The Supreme Court on Wednesday, in a Special Leave Petition challenging an order of the Gujarat High Court, refused to entertain the plea by a former NCLT member, Manorama Kumari seeking reappointment to the post. The first prayer was to issue directions to the Ministry of Corporate Affairs, Union of India, to complete the process of reappointment of the petitioner within the time period. The second prayer was for directions to frame a 'rational and transparent' policy giving emphasis to the legislative mandate in Section 413 of the Companies Act, 2013 in order to maintain the independence of the judicial officers.

It is to be noted, that the High Court in the impugned order dated November 29, 2022, had observed, “Merely because the petitioner has shown her willingness to be considered, merely because she is liable to be considered and merely because she has opted for reappointment, could not be ground to seek writ from the Court that her appointment process may be completed”.

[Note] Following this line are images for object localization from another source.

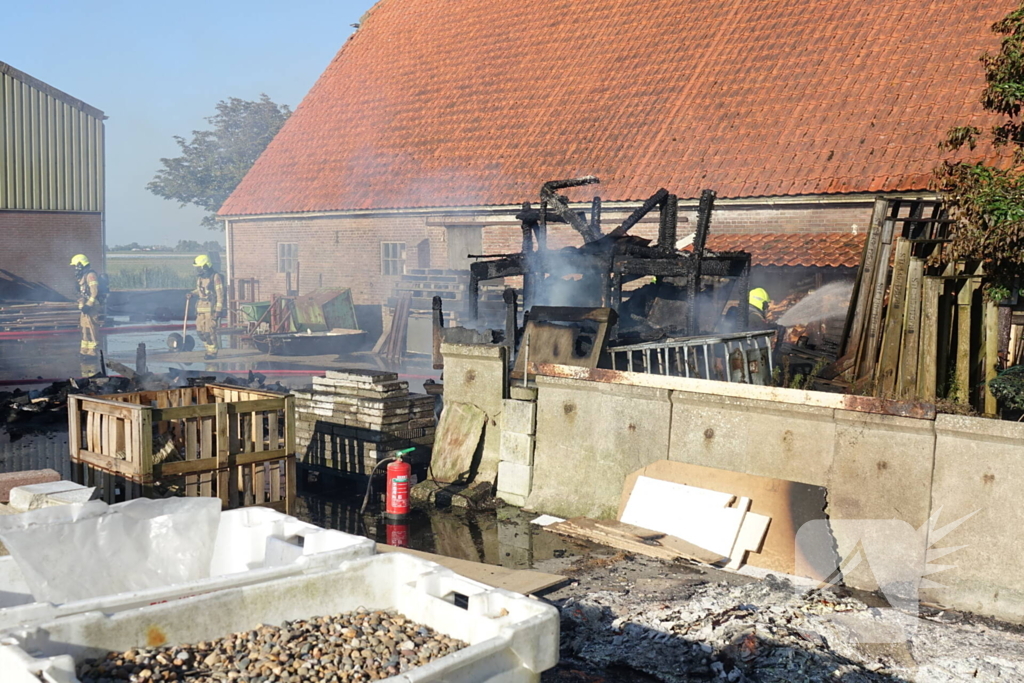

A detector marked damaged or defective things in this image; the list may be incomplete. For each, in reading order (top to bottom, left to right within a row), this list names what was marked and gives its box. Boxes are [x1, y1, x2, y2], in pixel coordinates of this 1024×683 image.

charred wood beam [544, 176, 600, 243]
charred wood beam [608, 188, 672, 239]
burned wooden structure [466, 176, 752, 340]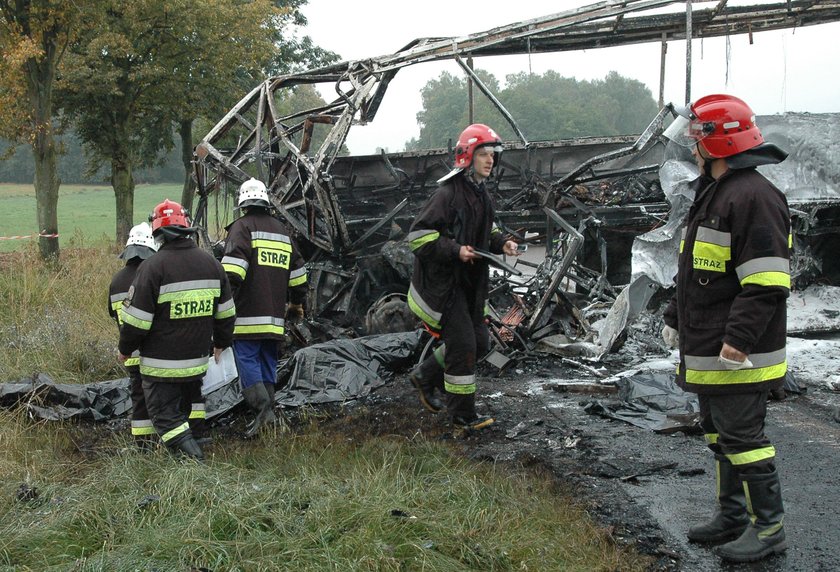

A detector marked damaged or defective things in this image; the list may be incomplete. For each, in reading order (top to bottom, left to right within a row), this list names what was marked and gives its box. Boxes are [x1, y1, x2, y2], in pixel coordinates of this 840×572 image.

burned bus wreckage [6, 0, 840, 420]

The bench led by Chief Justice of India D.Y. Chandrachud also comprising Justice J.B. Pardiwala and Justice Manoj Misra heard the matter.

Senior Advocate Percy Kavina appeared for the petitioner.

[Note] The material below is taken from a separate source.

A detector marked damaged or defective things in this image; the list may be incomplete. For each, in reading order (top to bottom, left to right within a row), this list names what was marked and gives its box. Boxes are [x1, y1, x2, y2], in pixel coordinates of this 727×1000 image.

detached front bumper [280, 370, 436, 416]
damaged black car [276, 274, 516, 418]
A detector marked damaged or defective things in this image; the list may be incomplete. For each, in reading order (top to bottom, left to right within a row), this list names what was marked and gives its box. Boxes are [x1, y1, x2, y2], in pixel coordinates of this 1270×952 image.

In the present matter, the petitioner was appointed as a judicial member of the National Company Law Tribunal on June 1, 2016, in terms of section 413 of the Companies Act.

Accordingly, the petitioner held office for 5 years while she had sent her willingness on February 2, 2021, to continue as Judicial Member, of NCLT for another term of 5 years.

It is pertinent to note that the petitioner had already served for a term of five years and stands retired.

Subsequently, the respondent issued a Circular dated July 12, 2022, regarding the filling up of 8 posts of Judicial Member and 11 Posts of Technical Members in the National Company Law Tribunal by inviting online applications.

The para 7 of the Circular read, "Every Member shall hold office for a period of five years from the date on which he/she enters upon his/her office, but shall be eligible for re-appointment for another term of 5 years. The term of appointment is, however, subject to the maximum age limit of sixty-five years."

Therefore, pressing on the same condition, the petitioner contended that she as a member was eligible to be reappointed after consumption of a term of 5 years subject to the maximum age limit of 65 years. It was further highlighted that ‘expeditious appointments stand as the bedrock for the independence of judicial institutions.

However, a bench of Justice N.V. Anjaria and Justice Sandeep N. Bhatt of the Gujarat High Court while refusing to grant relief to the petitioner had observed, “The petitioner's case could be at the best considered along with other aspiring candidates in accordance with law and on its own merits. Upon being queried, learned senior advocate for the petitioner stated that five persons have been seeking appointment as Members of the Tribunal. Any direction or observation in respect of the petitioner in particular to complete the process cannot be granted”.

On the second prayer, the Court had observed, “It has to be only stated in this regard that the authorities cannot be presumed to be not alive to sub-serve the interests of NCLT and act in accordance with the directions of the Supreme Court as above. No further direction is necessary”.